00:00Apa itu quit chofering?
00:02Fenomena di kalangan pekerja Gen Z seperti tak ada habisnya istilah di dunia kerja di kalangan Gen Z.
00:08Belum lama ini ada istilah lainnya, yaitu quit chofering.
00:12Profesor emeritus di Universitas North Carolina sekaligus penulis, Brian Robinson, mengatakan,
00:19quit chofering adalah kecenderungan karyawan untuk menyembunyikan aspek pribadi diri mereka sendiri
00:24untuk menghindari penilaian dan stereotip,
00:26agar dapat diterima dan tampak lebih mudah dipromosikan.
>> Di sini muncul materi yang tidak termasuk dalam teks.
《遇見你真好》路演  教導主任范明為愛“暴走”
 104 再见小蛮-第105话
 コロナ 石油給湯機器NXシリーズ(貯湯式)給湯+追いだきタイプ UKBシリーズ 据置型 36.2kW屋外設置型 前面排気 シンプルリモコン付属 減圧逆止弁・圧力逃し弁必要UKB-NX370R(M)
00:30Namun, apa yang berusaha disembunyikan oleh Gen Z?
00:33Sebuah survei atensi, penyedia solusi berbasis permainan untuk pengembangan keterampilan dan SDM.
00:40Terhadap 2.000 karyawan dari berbagai industri dan kelompok usia menyebut quit chofering
00:45sebagai krisis tersembunyi dalam tenaga kerja saat ini.
00:49Sebanyak 58% mengaku melakukan skill masking,
00:52menyembunyikan kesenjangan pengetahuan atau kompetensi untuk menghindari penilaian.
00:57Hampir setengahnya mengatakan mereka berpura-pura memahami sesuatu di tempat kerja.
01:02Kemudian, 40% responden menghindari meminta bantuan bahkan ketika mereka tidak yakin bagaimana cara melakukannya.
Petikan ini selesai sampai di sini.